Poultry expert stresses alternative problem solving
Keynote speaker at Midwest Poultry Federation Convention says industry can better solve problems if they look at things in a new way
The way for poultry farmers to solve problems in their industry is to take a different approach to problem solving, according to Dr. Temple Grandin, who was the keynote speaker at the Midwest Poultry Federation Convention Fellowship Breakfast on March 19.
Grandin, an animal science professor at Colorado State University and a consultant to the livestock industry on animal behavior, also lives with autism and is an activist in the autism community who has written several best-selling books. She is a designer of livestock-handling equipment, and she has designed the facilities in which half the cattle in the U.S. are handled.
In her speech, Grandin touched on many topics, including autism, how to help special-needs children recognize their interests and sharpen their skills in the real world, animal behavior and animal welfare, and alternative approaches to problem solving.
Grandin told the audience at the Fellowship Breakfast that she sees the world in pictures, different than the way most people look at the world. She stressed that it is essential to have people who look at things differently working together to solve problems.
“Understanding how people think differently can really help us work together,” Grandin said. She said that putting different minds together can bring conflict, but ultimately will help come to better resolutions.

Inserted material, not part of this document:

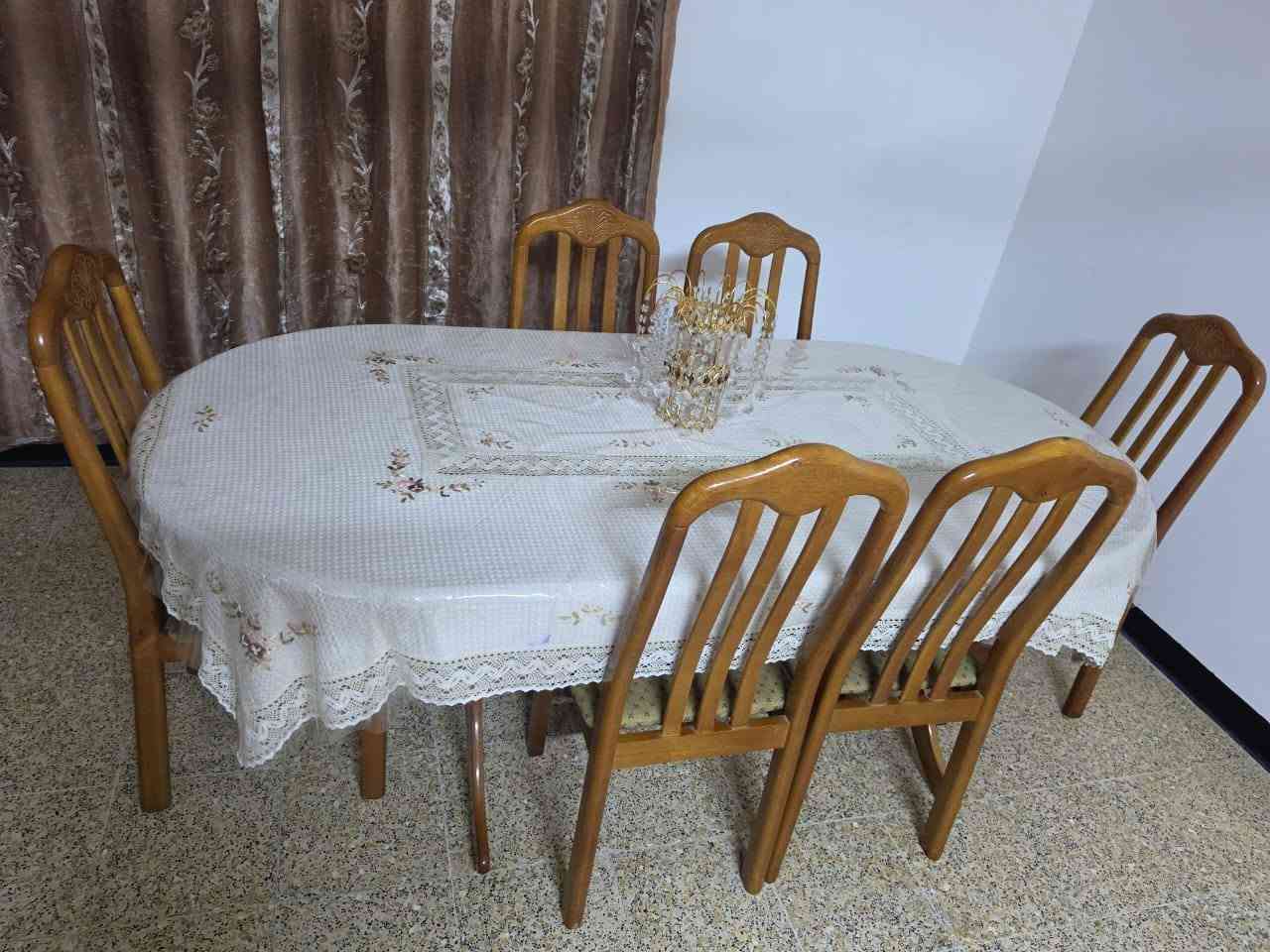 للبيع
بوفيا تركي أصلي زان ٤٠٠ الف

ميز تركي أصلي خشب تركي نادر  6 كراسي مابيهن خدش 250 الف

أعلاه ليس فيه خدش او عيب

للتواصل ***********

Animal auditing system made the ‘most positive’ change
When asked what she was most proud of in her career, she said that, contrary to what many might expect, it’s not her equipment designs, but her meat-packing plant auditing system.
“When I first started out, I thought I could fix everything with equipment, but I learned that’s not always the case,” Grandin said. “We have to have certain outcomes.”
She said the problem she ran into with her equipment often was the people using it. She said the management needed to be trained and the right people involved in the process.
“There are some people who shouldn’t be working with animals,” she said. But, “there’s about 20 percent of people that, when you train them, they’re fabulous stock people.”
Her auditing system is “the thing that made the most positive, good change,” she said.
Poultry, livestock industries need to be more transparent
Grandin also stressed the importance of the animal agriculture industry to be open with the public about what it does. She said “ag-gag” laws hinder the industry and companies should strive to be more transparent about what they do.
“If you get trashed, open the door,” she said. “You have to look at everything you do. How is it going to play on the Internet?”